L’analisi su quanto accaduto in Serbia lo scorso 12 marzo è passata per lo più attraverso un duplice schema: quello della fatalità della violenza come caratteristica storica e strutturale dei popoli balcanici; e, per altro verso, quello della più che mai generica suddivisione tra buoni e cattivi nella quale la morte di Zoran Djindjic rappresenta il prezzo di sangue pagato da chi voleva democratizzare il paese per condurlo in Europa. Le cose non stanno propriamente così. Primo perché il passato non condiziona in maniera inevitabile il futuro. Secondo perché nella difficile fase di transizione che la Serbia attraversa è arduo distribuire i torti e, tantomeno, le ragioni. In sintesi, il premier serbo è stato vittima delle difficoltà e delle contraddizioni insite nella transizione; difficoltà che per altro non aveva saputo padroneggiare e che anzi, in qualche modo, aveva contribuito a creare.

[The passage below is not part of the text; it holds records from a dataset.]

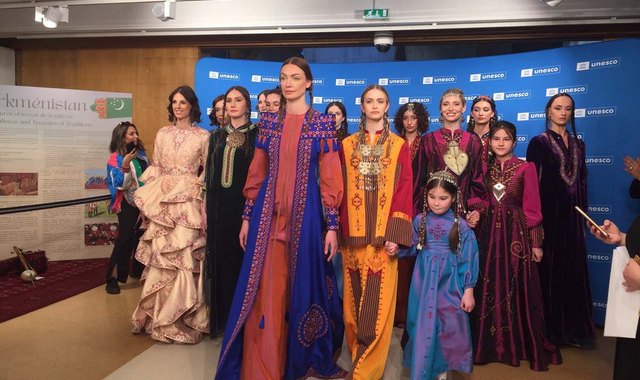 Коллекция туркменских национальных костюмов была представлена в Париже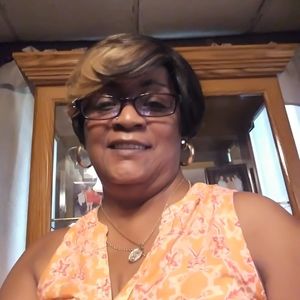 Meet your Posher, Clara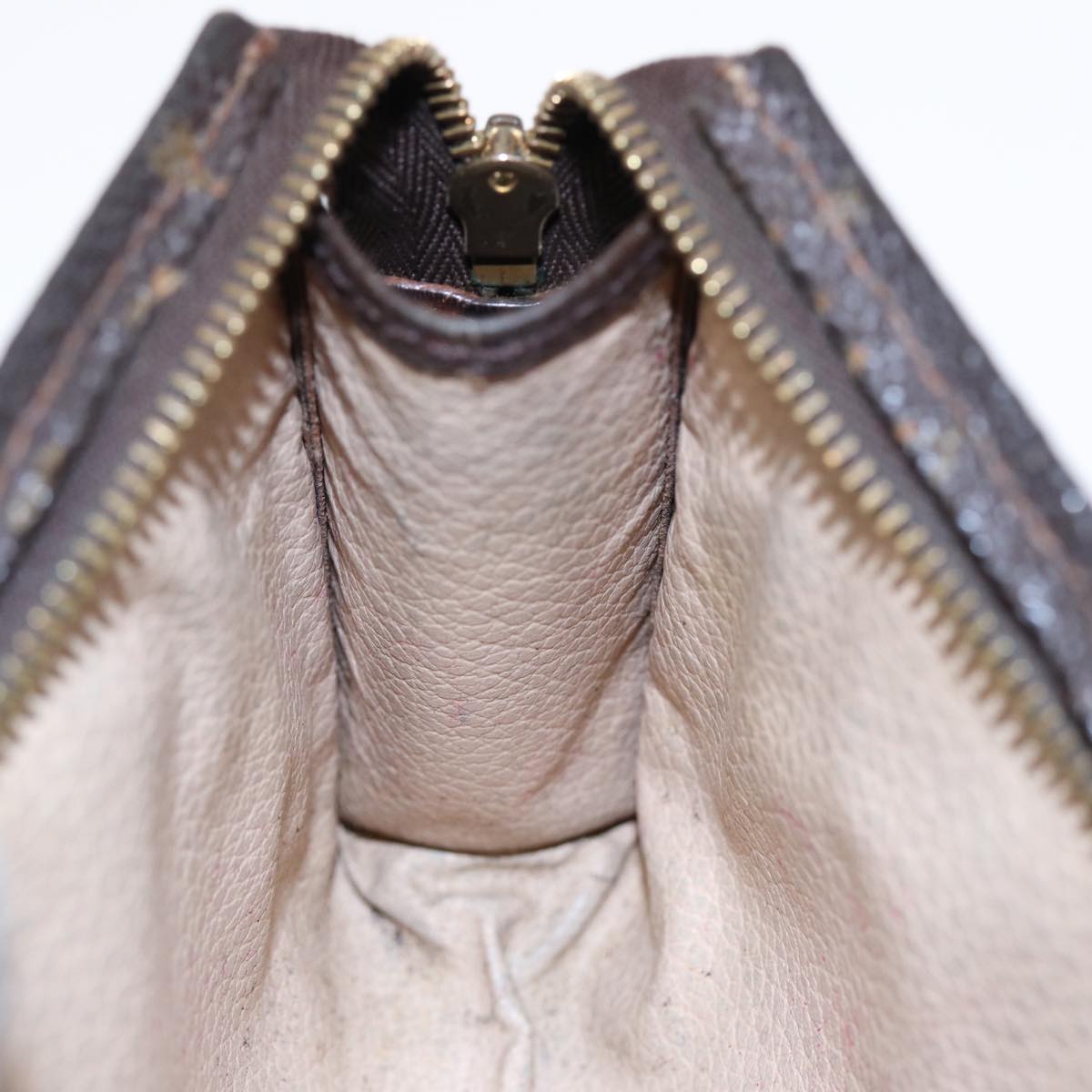 LOUIS VUITTON Monogram Poche Toilette 15 Pouch M47546 LV Auth 87463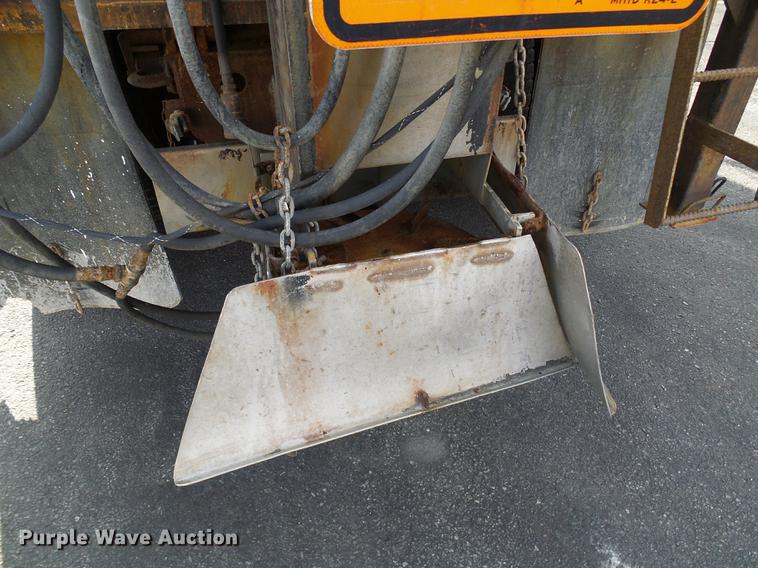 image for item DB2124 2002 International 4900 dump truck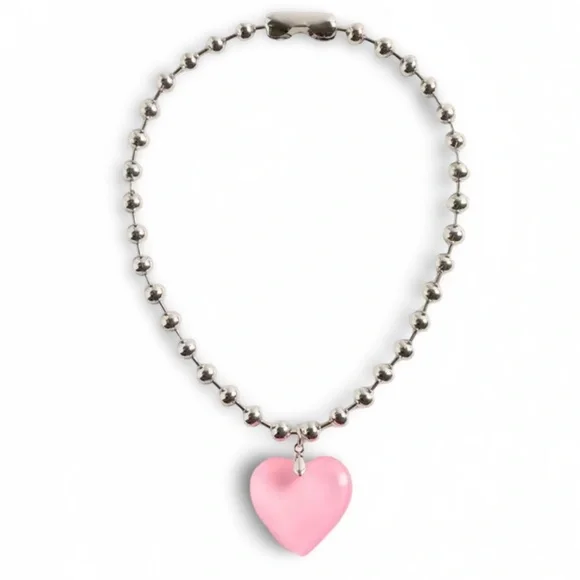 Torrid Shotbead Heart necklace - Picture 1 of 4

In questo quadro, non ci sembra poi così determinante sapere per mano di chi il premier sia stato ucciso – seguaci di Slobodan Milosevic, mafia, servizi segreti – perché tutti questi attori sono, in diversi modi, espressione di un rapporto perverso tra politica e società civile; un nodo con cui la classe dirigente si è confrontata troppo tardi, e che solo ora (dopo l’assassinio del primo ministro) è stato affrontato alla radice.

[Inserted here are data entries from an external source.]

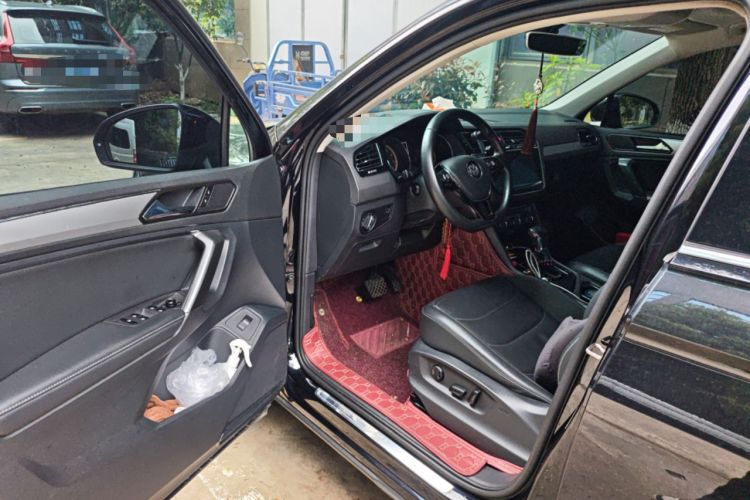 Used Volkswagen Tiguan L 2019 Revised 330TSI Automatic Two-Wheel Drive Smart & Luxury Edition China VI Standard Driver Seat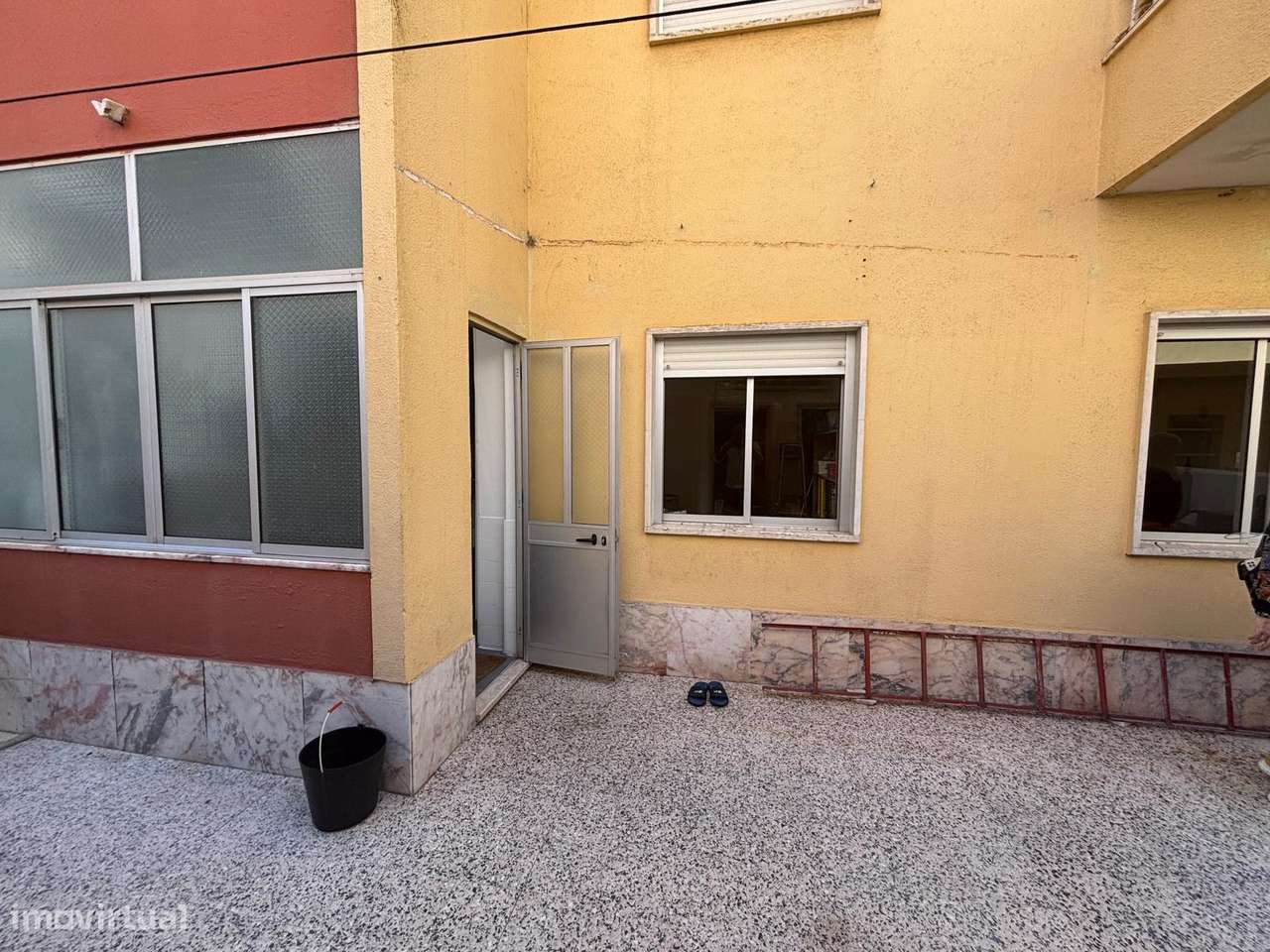 T3 com Quintal, Churrasco, Jardim  e Pequena Horta-22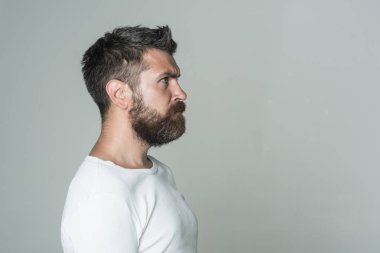 Hipster üzgün yüz ile.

E’ questo un dato, nei confronti del quale Vojislav Kostunica, ex presidente federale, e Zoran Djindjic, primo ministro della Repubblica serba, hanno dovuto confrontarsi dopo la caduta di Milosevic nel settembre del 2000. Ma hanno affrontato il problema in maniera sensibilmente diversa. Kostunica ha sempre ritenuto che il passaggio alla democrazia dovesse essere graduale, pensando che prima dovessero essere affrontati problemi di stabilità istituzionale, per poi combattere la criminalità e la società ancora legata agli illeciti dell’era Milosevic: prima le regole, insomma, lo Stato di diritto, poi l’affermazione piena della democrazia e del mercato. Al contrario, Djindjic, più spregiudicato, ha voluto forzare i tempi; identificando il successo del processo democratico con la propria affermazione. A tal fine si è anche, in qualche modo, servito dell’instabilità istituzionale, arrivando a spingere i serbi a disertare le urne per evitare il raggiungimento del quorum e con esso l’elezione alla presidenza serba di Kostunica. La sua speranza era, infatti, quella di rafforzare i consensi attorno al suo partito per ripresentare, in nuove elezioni, in tempi da definire, un suo candidato in grado di battere l’avversario non più avvantaggiato dell’attenzione mediatica riservata alla prima carica dello Federazione (carica che Kostunica avrebbe ed ha abbandonato in maggio).

Anche per questo con l’uccisione del premier a Belgrado si è verificato un vero e proprio vuoto di potere: perché l’uomo più rappresentativo del paese, Kostunica, era in procinto di perdere il suo ruolo istituzionale e politico. Oggi il partito di Djindjic, ironia della sorte ma soprattutto reazione di una nazione a un assassinio illustre, ha guadagnato i consensi per cui il suo leader si era tanto battuto con una grande varietà di mezzi, più o meno corretti. Ad ucciderlo una democrazia imperfetta: imperfezione che, per inciso, la politica del premier non è valsa ad eliminare. Per sconfiggere l’intreccio perverso tra mafia e politica occorre il concorso di tutte le forze democratiche; e speriamo che quell’uccisione a Belgrado possa servire almeno a questo.